Macho. Das Wort stammt nicht zufällig aus dem Spanischen. Lange galt Spanien als Hort übersteigerter Männlichkeit – des Machismo. Doch in den letzten Jahren profilierte sich Spanien vielmehr als Land des Feminismo.
Die linke Regierung unter dem sozialistischen Premier Pedro Sánchez verabschiedete gleich mehrere progressiv-feministische Gesetze. So wechselte sie im Sexualstrafrecht zur «Nur Ja heisst Ja»-Regel, führte ein Recht auf arbeitsfreie Tage bei Menstruationsbeschwerden ein, erleichterte die Änderung des Geschlechtseintrags oder kündigte ein Frauenquotengesetz an.

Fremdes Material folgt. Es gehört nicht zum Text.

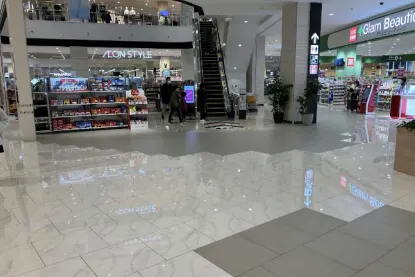 【イオンモール白山】モール内広告 床ステッカー(グラムビューティーク前)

Dass die feministischen Anliegen so stark Aufwind bekommen haben, hat auch mit dem Druck der Strasse zu tun. Am 8. März, dem internationalen Tag der Frau, gehen in Spanien besonders viele Menschen auf die Strasse. Historisch war der Aufmarsch 2018, als in den Städten des Landes über fünf Millionen Menschen für Frauenanliegen demonstrierten.
Frauenrechte: Spanien hinkte lange hinterher
Zwar sei Spanien in den letzten Jahren tatsächlich besonders progressiv gewesen, sagt die Soziologin Carmen Meneses Falcón von der Comillas-Universität in Madrid. Man dürfe aber nicht vergessen, dass das Land enormen Nachholbedarf gehabt habe.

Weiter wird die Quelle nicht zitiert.